Records for this task Block Start
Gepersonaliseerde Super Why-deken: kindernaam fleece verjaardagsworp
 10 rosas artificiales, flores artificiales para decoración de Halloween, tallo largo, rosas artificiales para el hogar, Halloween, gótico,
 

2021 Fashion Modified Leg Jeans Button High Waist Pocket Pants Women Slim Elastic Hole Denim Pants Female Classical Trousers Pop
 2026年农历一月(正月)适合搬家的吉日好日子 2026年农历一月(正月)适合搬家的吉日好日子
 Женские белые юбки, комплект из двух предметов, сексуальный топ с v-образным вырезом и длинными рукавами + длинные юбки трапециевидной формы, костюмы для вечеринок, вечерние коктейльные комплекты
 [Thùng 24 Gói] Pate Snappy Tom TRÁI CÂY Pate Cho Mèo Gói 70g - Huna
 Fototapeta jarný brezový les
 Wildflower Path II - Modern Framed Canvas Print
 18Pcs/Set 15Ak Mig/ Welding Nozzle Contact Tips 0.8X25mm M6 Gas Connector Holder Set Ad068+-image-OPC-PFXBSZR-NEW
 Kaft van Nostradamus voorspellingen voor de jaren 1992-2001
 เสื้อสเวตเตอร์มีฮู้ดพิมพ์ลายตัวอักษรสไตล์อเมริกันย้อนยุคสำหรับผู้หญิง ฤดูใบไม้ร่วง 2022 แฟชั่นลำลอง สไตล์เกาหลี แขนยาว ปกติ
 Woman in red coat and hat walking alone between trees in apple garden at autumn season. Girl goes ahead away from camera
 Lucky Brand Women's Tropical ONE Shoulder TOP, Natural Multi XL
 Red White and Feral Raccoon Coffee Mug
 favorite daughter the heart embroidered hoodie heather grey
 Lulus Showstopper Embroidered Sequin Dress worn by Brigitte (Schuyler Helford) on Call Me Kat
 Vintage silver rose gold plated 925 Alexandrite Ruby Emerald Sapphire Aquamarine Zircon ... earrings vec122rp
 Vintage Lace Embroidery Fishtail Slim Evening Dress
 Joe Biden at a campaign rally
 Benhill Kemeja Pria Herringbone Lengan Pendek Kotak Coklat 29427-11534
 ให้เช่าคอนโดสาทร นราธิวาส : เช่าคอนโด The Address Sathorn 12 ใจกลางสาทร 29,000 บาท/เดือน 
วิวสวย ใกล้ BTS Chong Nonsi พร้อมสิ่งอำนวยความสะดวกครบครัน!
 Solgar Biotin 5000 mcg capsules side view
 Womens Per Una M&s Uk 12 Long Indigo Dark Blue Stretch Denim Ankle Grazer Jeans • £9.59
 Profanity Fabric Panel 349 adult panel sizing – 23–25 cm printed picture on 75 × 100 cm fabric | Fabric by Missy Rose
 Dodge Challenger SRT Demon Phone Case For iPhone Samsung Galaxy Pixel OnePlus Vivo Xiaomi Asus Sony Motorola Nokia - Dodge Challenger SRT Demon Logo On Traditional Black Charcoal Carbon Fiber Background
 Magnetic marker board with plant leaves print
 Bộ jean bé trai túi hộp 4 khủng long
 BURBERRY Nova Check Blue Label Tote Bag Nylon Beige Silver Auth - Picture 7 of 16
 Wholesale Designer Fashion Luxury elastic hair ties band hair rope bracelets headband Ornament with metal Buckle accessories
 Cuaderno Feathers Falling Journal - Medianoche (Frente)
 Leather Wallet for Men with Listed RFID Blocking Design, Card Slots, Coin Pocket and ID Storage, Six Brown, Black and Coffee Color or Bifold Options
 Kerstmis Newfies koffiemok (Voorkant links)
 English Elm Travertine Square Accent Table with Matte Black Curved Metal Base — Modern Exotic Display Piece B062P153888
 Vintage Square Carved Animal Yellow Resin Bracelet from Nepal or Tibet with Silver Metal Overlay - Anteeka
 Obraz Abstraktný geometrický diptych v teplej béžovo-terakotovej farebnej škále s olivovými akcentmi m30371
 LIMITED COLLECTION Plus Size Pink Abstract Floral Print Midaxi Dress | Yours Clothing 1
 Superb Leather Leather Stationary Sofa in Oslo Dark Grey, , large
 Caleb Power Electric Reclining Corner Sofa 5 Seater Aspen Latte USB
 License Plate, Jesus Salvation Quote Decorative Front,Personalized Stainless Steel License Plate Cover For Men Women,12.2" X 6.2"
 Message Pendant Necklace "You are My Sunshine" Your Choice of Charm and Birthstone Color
Records for this task Block End
*Task requirements:*
Copy the stretch of the records above that runs from the line with "Womens Per Una" through the line with "Obraz Abstraktný geometrický". Both end lines belong in the copy, and nothing else does.

*Output:*
 Womens Per Una M&s Uk 12 Long Indigo Dark Blue Stretch Denim Ankle Grazer Jeans • £9.59
 Profanity Fabric Panel 349 adult panel sizing – 23–25 cm printed picture on 75 × 100 cm fabric | Fabric by Missy Rose
 Dodge Challenger SRT Demon Phone Case For iPhone Samsung Galaxy Pixel OnePlus Vivo Xiaomi Asus Sony Motorola Nokia - Dodge Challenger SRT Demon Logo On Traditional Black Charcoal Carbon Fiber Background
 Magnetic marker board with plant leaves print
 Bộ jean bé trai túi hộp 4 khủng long
 BURBERRY Nova Check Blue Label Tote Bag Nylon Beige Silver Auth - Picture 7 of 16
 Wholesale Designer Fashion Luxury elastic hair ties band hair rope bracelets headband Ornament with metal Buckle accessories
 Cuaderno Feathers Falling Journal - Medianoche (Frente)
 Leather Wallet for Men with Listed RFID Blocking Design, Card Slots, Coin Pocket and ID Storage, Six Brown, Black and Coffee Color or Bifold Options
 Kerstmis Newfies koffiemok (Voorkant links)
 English Elm Travertine Square Accent Table with Matte Black Curved Metal Base — Modern Exotic Display Piece B062P153888
 Vintage Square Carved Animal Yellow Resin Bracelet from Nepal or Tibet with Silver Metal Overlay - Anteeka
 Obraz Abstraktný geometrický diptych v teplej béžovo-terakotovej farebnej škále s olivovými akcentmi m30371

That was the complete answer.